Robério Oliveira promove a subsecretário da Fazenda ex-controlador denunciado pelo MPF na Operação Fraternos
O prefeito de Eunápolis, José Robério Batista de Oliveira, promoveu o servidor Rilei Medeiros Ribeiro, que ocupava o cargo de Controlador-Geral do Município, para a função de subsecretário municipal da Fazenda. A mudança foi oficializada por meio dos Decretos nº 13.154 e nº 13.156, ambos de 15 de maio de 2026, publicados no Diário Oficial do Município. Inicialmente exonerado do cargo de Controlador-Geral, Rilei foi imediatamente nomeado para a nova função de subsecretário da Fazenda.
A nomeação chama atenção porque Rilei Medeiros Ribeiro figura como réu em ação penal em trâmite na 2ª Vara Federal Criminal da Seção Judiciária da Bahia, oriunda da Operação Fraternos, deflagrada pela Polícia Federal e pelo Ministério Público Federal para apurar supostos esquemas de fraudes em licitações e desvio de recursos públicos. O processo tramita sob o nº 1000783-02.2022.4.01.3310 e teve origem em denúncia oferecida pelo MPF em 2020.
Nas alegações finais apresentadas em outubro de 2025, o Ministério Público Federal sustentou que a materialidade e a autoria dos fatos encontram-se comprovadas e requereu a condenação dos acusados pelo crime de frustração ao caráter competitivo de licitação, previsto no art. 90 da antiga Lei nº 8.666/93. Segundo o MPF, Rilei Medeiros Ribeiro teria atuado, na condição de presidente da comissão permanente de licitação do Município de Porto Seguro, de forma consciente e deliberada para favorecer empresa previamente escolhida em procedimento licitatório realizado em 2017.

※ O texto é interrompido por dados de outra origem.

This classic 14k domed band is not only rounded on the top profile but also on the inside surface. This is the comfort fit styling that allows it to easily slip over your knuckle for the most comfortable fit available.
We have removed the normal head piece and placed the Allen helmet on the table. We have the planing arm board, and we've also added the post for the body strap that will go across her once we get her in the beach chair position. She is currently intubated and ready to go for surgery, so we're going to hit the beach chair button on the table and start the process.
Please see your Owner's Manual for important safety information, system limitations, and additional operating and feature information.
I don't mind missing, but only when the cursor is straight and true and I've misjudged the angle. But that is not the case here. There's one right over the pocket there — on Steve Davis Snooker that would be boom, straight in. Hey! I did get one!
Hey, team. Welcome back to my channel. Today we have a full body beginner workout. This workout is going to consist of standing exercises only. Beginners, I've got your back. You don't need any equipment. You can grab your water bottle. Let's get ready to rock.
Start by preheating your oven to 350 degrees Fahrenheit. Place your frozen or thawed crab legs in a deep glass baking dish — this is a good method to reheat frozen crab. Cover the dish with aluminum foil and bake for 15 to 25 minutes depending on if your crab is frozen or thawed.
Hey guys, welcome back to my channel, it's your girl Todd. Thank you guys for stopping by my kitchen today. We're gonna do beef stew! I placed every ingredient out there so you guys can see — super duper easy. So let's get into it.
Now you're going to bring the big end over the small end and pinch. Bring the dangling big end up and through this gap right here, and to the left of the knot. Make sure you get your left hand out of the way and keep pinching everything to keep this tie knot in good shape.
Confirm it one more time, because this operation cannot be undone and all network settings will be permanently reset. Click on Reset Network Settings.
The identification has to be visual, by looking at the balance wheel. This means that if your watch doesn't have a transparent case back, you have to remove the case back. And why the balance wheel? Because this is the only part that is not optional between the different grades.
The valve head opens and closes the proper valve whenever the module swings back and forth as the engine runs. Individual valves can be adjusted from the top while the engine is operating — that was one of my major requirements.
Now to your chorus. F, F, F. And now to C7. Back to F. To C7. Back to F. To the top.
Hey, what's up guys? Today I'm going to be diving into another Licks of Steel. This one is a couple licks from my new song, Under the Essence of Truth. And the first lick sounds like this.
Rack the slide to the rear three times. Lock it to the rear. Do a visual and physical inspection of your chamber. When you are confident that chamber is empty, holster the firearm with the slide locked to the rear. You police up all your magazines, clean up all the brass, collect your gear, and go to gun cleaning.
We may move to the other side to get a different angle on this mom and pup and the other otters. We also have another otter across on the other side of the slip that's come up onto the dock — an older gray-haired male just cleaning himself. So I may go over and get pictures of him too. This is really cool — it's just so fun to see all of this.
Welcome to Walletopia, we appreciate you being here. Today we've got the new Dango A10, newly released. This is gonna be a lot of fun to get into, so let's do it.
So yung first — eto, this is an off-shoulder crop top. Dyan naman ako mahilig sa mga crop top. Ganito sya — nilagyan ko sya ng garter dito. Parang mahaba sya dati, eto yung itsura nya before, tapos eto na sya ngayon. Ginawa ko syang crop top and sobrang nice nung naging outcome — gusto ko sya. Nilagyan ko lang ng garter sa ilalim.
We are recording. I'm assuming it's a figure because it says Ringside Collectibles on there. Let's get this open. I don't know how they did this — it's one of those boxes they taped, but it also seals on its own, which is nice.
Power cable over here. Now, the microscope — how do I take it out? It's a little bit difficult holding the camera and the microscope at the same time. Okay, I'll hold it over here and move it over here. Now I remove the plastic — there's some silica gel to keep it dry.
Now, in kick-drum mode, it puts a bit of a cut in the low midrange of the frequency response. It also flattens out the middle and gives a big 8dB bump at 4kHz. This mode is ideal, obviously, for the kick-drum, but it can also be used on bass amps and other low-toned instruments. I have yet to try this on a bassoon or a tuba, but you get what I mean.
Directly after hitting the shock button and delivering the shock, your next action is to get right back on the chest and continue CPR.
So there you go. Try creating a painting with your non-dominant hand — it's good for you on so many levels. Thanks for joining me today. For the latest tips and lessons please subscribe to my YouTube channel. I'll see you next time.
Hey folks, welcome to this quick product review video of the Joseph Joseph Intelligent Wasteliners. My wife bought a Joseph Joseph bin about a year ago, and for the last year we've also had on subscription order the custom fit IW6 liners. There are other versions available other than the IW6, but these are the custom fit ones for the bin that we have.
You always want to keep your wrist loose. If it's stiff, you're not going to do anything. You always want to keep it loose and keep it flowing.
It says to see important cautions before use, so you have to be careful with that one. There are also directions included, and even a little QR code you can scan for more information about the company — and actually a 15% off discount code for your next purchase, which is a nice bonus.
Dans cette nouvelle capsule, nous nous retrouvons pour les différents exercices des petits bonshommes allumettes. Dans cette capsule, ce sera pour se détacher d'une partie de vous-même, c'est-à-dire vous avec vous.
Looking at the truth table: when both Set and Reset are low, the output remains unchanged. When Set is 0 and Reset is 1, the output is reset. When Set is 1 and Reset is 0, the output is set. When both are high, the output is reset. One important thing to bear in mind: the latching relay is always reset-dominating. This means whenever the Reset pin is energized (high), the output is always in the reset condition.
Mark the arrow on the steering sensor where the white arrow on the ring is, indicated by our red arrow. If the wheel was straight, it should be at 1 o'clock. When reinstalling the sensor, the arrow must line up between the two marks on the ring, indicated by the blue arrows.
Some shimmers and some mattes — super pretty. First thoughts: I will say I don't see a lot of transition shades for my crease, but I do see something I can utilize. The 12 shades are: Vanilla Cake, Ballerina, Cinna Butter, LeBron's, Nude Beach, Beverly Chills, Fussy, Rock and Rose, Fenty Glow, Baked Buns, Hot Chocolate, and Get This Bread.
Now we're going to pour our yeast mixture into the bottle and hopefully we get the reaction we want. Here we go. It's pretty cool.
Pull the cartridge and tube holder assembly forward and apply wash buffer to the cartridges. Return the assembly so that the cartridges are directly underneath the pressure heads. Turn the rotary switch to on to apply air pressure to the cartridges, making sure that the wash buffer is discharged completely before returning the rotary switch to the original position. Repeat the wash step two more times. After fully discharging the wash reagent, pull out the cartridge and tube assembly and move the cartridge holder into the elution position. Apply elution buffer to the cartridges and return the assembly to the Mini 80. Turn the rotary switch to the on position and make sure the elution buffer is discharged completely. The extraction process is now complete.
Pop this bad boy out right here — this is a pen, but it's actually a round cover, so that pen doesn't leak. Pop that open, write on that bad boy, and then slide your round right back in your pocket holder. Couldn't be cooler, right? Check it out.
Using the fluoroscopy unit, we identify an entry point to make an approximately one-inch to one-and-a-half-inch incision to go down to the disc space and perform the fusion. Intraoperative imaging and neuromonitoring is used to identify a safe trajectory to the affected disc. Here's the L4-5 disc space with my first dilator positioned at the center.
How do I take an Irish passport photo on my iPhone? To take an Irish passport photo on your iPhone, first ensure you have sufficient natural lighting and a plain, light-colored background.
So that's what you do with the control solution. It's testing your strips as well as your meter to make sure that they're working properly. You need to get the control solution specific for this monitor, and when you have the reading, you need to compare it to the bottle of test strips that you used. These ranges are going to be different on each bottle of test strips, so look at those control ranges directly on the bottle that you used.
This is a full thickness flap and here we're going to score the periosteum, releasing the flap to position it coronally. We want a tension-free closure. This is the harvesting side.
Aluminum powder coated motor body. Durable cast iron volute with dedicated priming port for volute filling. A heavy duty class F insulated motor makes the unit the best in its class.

O órgão ministerial afirma que mensagens extraídas de aparelhos celulares apreendidos durante as investigações revelariam a existência de comunicação entre integrantes do esquema e indicariam que o então presidente da comissão de licitação teria ignorado a ausência de documentos obrigatórios de uma empresa previamente escolhida para vencer o certame, frustrando a competitividade da concorrência pública nº 2/2017. O MPF sustenta que os diálogos demonstram atuação coordenada entre servidores e particulares para direcionar o procedimento licitatório em favor da empresa Hargan Produções Eireli, cujo contrato superou R$ 1,3 milhão.
Nas razões finais, a Procuradoria da República concluiu que os elementos de prova produzidos ao longo da instrução evidenciariam a existência de ajuste ilícito entre os envolvidos e pediu a condenação de Rilei Medeiros Ribeiro e de Gabriel Paixão Santana das Neves. Em relação a fatos ligados ao Pregão Presencial nº 16/2013, o próprio MPF reconheceu a ocorrência da prescrição, mantendo, contudo, a pretensão condenatória quanto às acusações relacionadas à Concorrência Pública nº 2/2017.
A ação penal já teve a fase de instrução encerrada e as alegações finais das partes foram apresentadas, encontrando-se pronta para sentença. O julgamento, entretanto, aguarda a apreciação de habeas corpus em tramitação no Tribunal Regional Federal da 1ª Região, após o qual caberá à 2ª Vara Federal Criminal da Bahia proferir a decisão de mérito.
Mesmo diante desse cenário, o prefeito Robério Oliveira optou por promover Rilei Medeiros Ribeiro para um dos cargos mais estratégicos da administração municipal, responsável pela gestão financeira do Município. A escolha reacende o debate sobre os critérios adotados para ocupação de funções de confiança e sobre o compromisso da administração pública com os princípios constitucionais da moralidade, da impessoalidade e da probidade administrativa previstos no art. 37 da Constituição Federal.
Importante ressaltar que a existência de denúncia e de ação penal em curso não implica presunção de culpa, prevalecendo em favor dos acusados o princípio constitucional da presunção de inocência até eventual condenação definitiva.